The challenge had come over the comms link, but neither of them could see where it originated from.
“You two,” said the voice testily. “The ones heading away from the combat zone. I’m talking to you. Please respond. Over.”
“Er, yes,” said Reston. “We’re, er… This is us. Where are you?”
“Right up your backside.”
And there, behind them, out of nowhere, loomed a Serpent gunship. Mal and Reston slowed to a hover, and the aerodisc braked accordingly. A trio of pilots were visible in its cockpit. One of them spoke into a microphone handset, and the suspicion-filled voice resumed in Mal’s and Reston’s ears.
“Sound off,” it said. “Name, rank, platoon.”
“Uhmmm…” Mal was stumped. They hadn’t banked on something like this. “I’m Lieutenant…” She groped for a Nahuatl surname. “Yolyamanitzin.” It was the last one she’d heard, the first one that came to mind.
Unfortunately, Reston had had the exact same idea
, and just as Mal was dubbing herself Yolyamanitzin, so was he. He even awarded himself the same rank as her.
“Let me get this straight,” said the pilot. “You’re both lieutenants and you’re both called Yolyamanitzin?”
“Yes,” said Reston. “Funny thing, eh? And we’re not even related.”
The pilot wasn’t buying it. “And your platoons? Which? Viper? Boa? Cobra?”
“Viper,” said Reston decisively. “Both of us. Another coincidence.”
“Nice try, dickhead. Serpent platoons are known by numbers, not the names of snakes.”
“Yeah, nice try, dickhead,” Mal muttered.

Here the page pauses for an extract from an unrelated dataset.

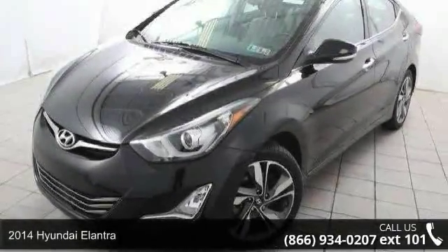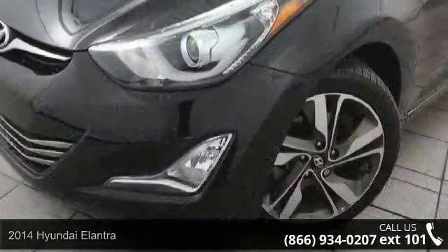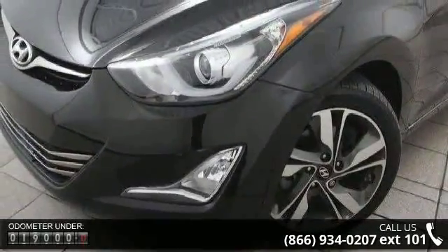Check out this 2014 Hyundai Elantra. If you are looking for a first-rate auto, this one could be yours today. Enjoy these notable features:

“So, really, who the hell are you two? And give me one good reason why I shouldn’t blow you out of the air.”
“We’re on a special mission,” Reston said, stalling for time. Surreptitiously he flicked a switch and his l-gun started to power up. “Top secret. For the colonel.”
“Yeah, pull the other one. What accent is that anyway?”
“British,” said Reston, and in English he added, “Vaughn. Brace for evasive action.”
“What was that?” said the pilot. “Didn’t catch that last bit.”
“I said…”
And Reston opened fire.
Someone on board must have been anticipating this very move, because just as Reston unleashed the bolt the gunship flipped up onto its starboard side. His shot grazed the hull, leaving only a scorch. Then, still canted almost perpendicular, the aerodisc lunged forwards, its front-facing l-gun nacelles belching plasma.
But Mal and Reston were already racing away, flat out, in reverse. The gunship gave chase. More plasma bolts blistered around them, and they both twisted and sidewinded. There was no skill to their manoeuvring, only desperation, but the suits of armour were superbly responsive, almost as if they wanted what their wearers wanted. One bolt struck Mal a glancing blow. She was barely aware of it. She felt like laughing. But the next instant another caught her full on, and although the armour took the brunt, it seemed there were limits to the levels of energy discharge it could absorb. Mal was sent spiralling through space. Flecks of brightness whirled against a dark background. She couldn’t tell what was up or down, what was firmament or lake surface. She struggled against the spin, and finally managed to correct it and right herself. Her head took a few seconds to catch up with the rest of her.